Eye Spy

My senior project thesis as a film major at Bard College consisted of a feature length documentary on the 1984 Republican and Democratic conventions titled, “Mount America,” an exhibition of black and white still photographs, and my short film, "Eye Spy."

I wanted to create a personal confessional film with "Eye Spy," but I lacked the budget and the schedule to properly execute many of my concepts. I voiced my concerns to my college advisor and mentor Adolfas Mekas and he inquired, “What about all that film I’ve seen you shooting over the last four years at Bard?” He knew that I had been walking around filming with a Bolex 16mm camera throughout my undergraduate career, but I saw all my footage as experimental usage of film stocks and photographic techniques.

At best, I felt I had a lot of diary footage, but I did not want to make a diary film. I soon realized that I could impose a narrative atop my footage and it would become as though the diary footage was the point of view of a fictional character.

I was working constantly in the editing room and in the darkroom at the time, or in my apartment in Tivoli, New York. Cabin fever was setting in. So I thought to express some of my feelings and sensations involving the juxtaposition of going outside in the world, with having been cooped up inside for long periods of time, but to do so within a genre I loved which was that of the espionage film.

My concept was simple; his lifelong enemies have finally located a former spy and the net is now cast upon him. He knows if he leaves his safe house, he will be killed. With nothing left to do and no way out, he ruminates about his life and what has ultimately brought him to this moment.

It was not much different from what I was going through pondering my own life as I prepared to graduate from College. I knew that even if my thinly veiled premise was not easily discernable it would still function to carry the viewer through what seemed like a narrative of some kind, but was really more of an atmospheric piece.

My artificial premise enabled me to experiment with what was very personal material to me by sometimes jumping in and out of what were my own emotions, and what were those of my character’s. It also enabled me to have a little fun at the audience’s expense by being tongue-in-cheek about what I was doing.

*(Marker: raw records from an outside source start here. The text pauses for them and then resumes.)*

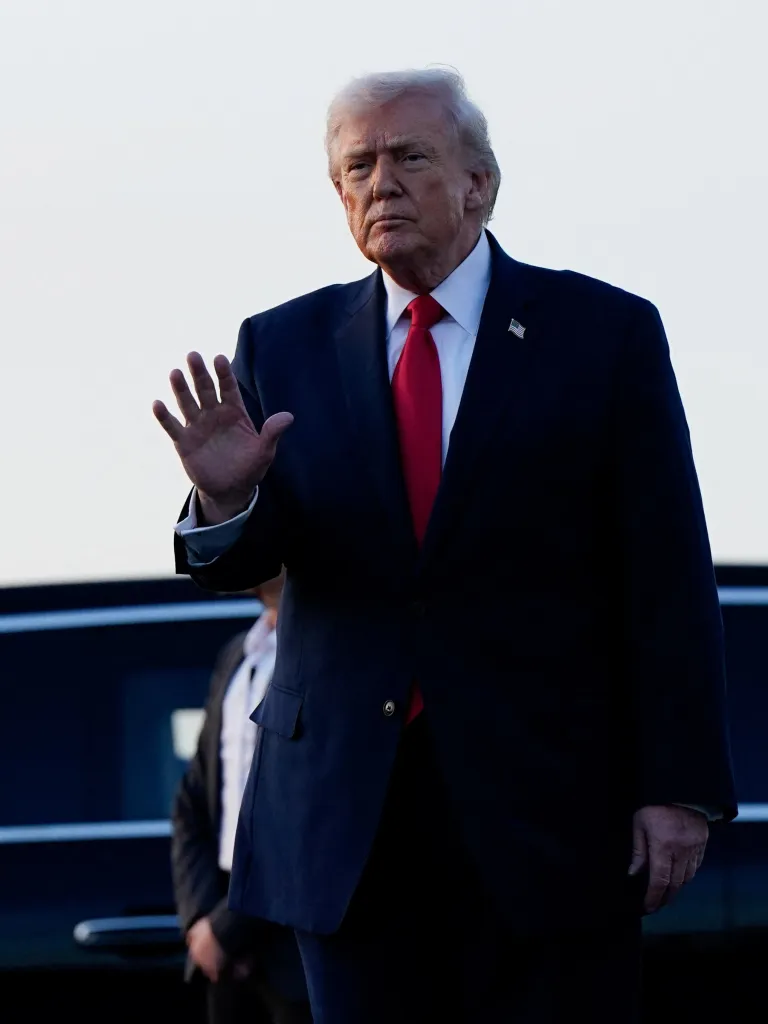 U.S. President Donald Trump waves as he disembarks Air Force One.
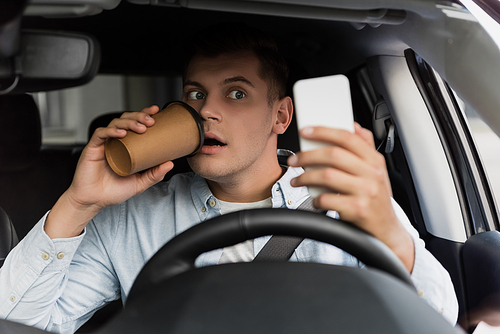 surprised man drinking coffee to go and using smartphone at steering wheel in car, blurred foreground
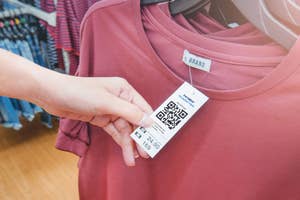 Person examining a clothing tag with a QR code, indicating price and brand information, in a store setting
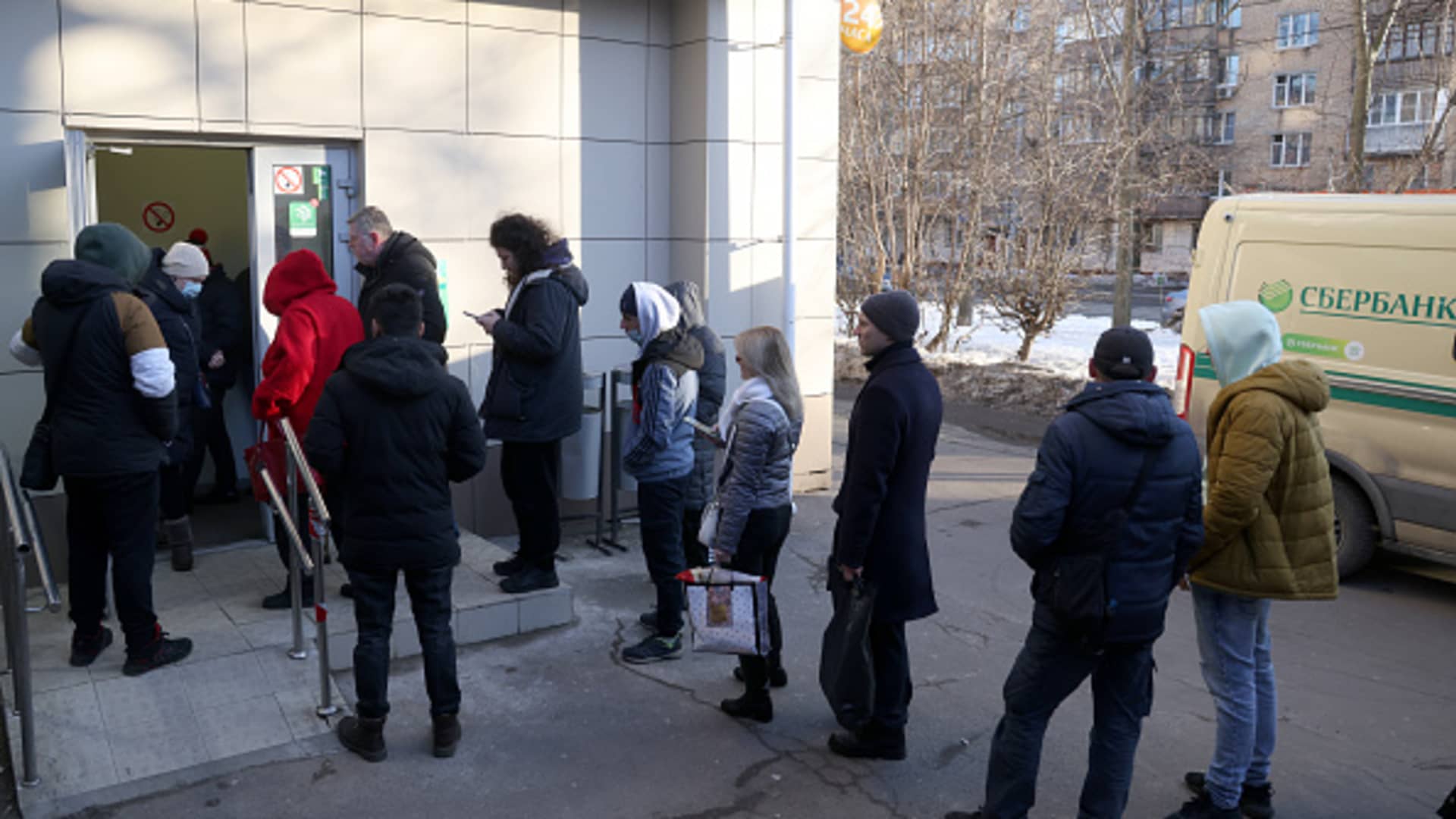 People queue at a Sberbank branch. On 24 February, the United States announced it was imposing sanctions on major Russian banks, including Sberbank and VTB in response to the special military operation in Ukraine.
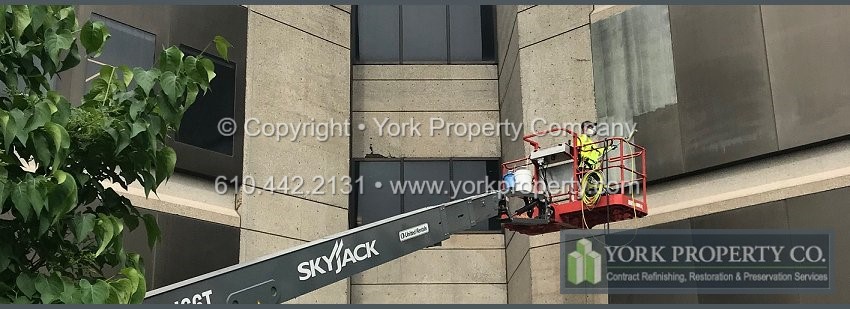 Cleaning dirty anodized aluminum building facade clad panels.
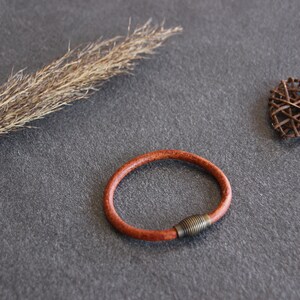 Puede incluir: Un brazalete de cuero marr&oacute;n con un cierre de metal. El brazalete est&aacute; sobre una superficie gris con un tallo de hierba seca y un coraz&oacute;n tejido.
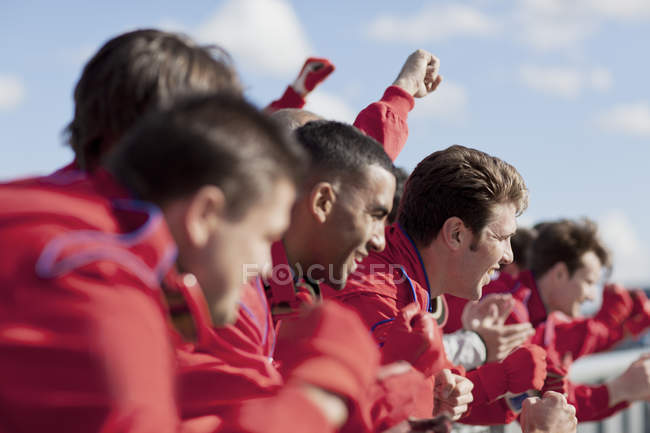 Race team watching from sidelines — Stock Photo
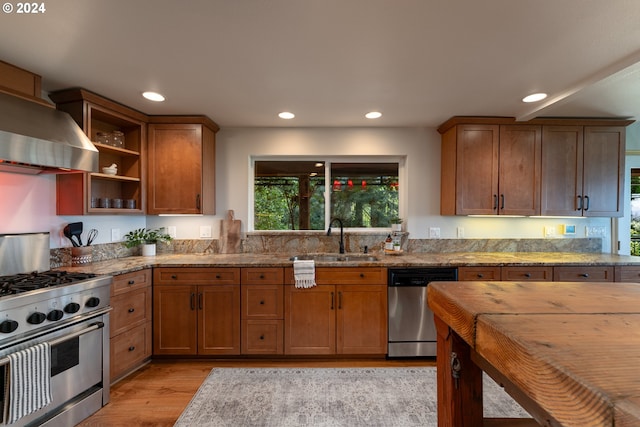 kitchen featuring sink, light stone counters, light wood-type flooring, appliances with stainless steel finishes, and wall chimney range hood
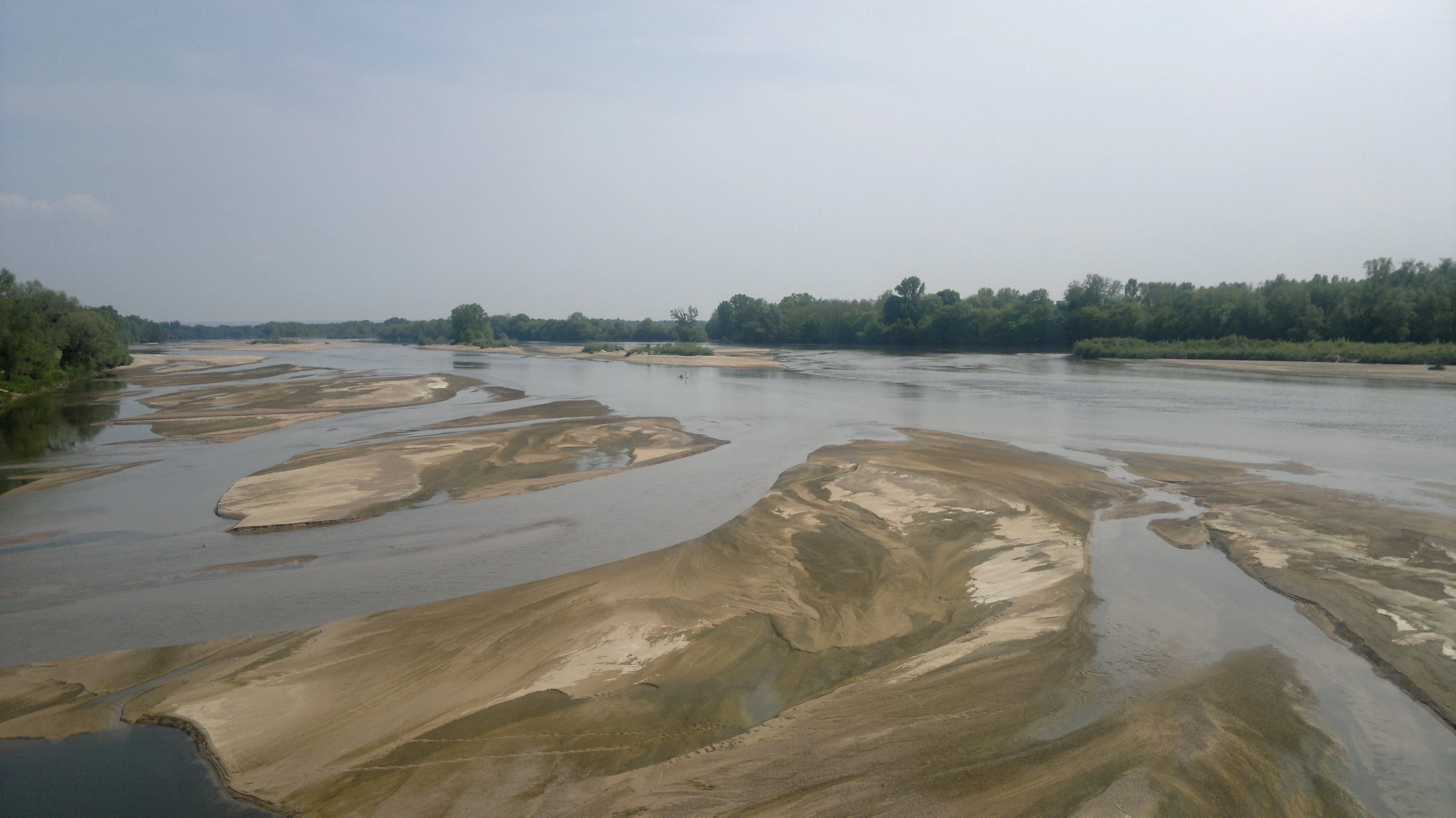 Wide angle view of the Loire River with numerous exposed sandbars and shallow water channels, framed by green trees on the banks under a hazy sky.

I decided to tie everything together with the motive of the desk drawer where the character would pull out various gadgets and iconographic items that would transport him into a remembrance in voice over which emanated from a micro cassette recorder. This voice over would work well to set up the actual diary footage I already had.

I also wanted to play around with occasionally dropping the entire premise and taking the viewer completely out of the nostalgic nature of the piece by interjecting a seeming non sequitur such as a music video into the film.

Music videos tended to be extremely literal at the time, a phenomenon that I found quite narrow-minded. So, I picked a song that I felt was the antithesis of a 1980s music video song. I chose the song “All I’ve Got To Do” from the Beatles’ first album, Meet the Beatles, This song seemed to work very well because the song echoed the motifs I was already working with of, unexpected telephone calls, whispering voices in the ears of secret agents, as well as the emotions of a distanced and perhaps estranged relationship. It began to work much like a Greek Chorus to the film’s motifs.

I am happy with how Eye Spy turned out. For a short student film cobbled together from seemingly vastly different elements it keeps a nice rhythm and depicts the visual and atmospheric qualities I sought to explore.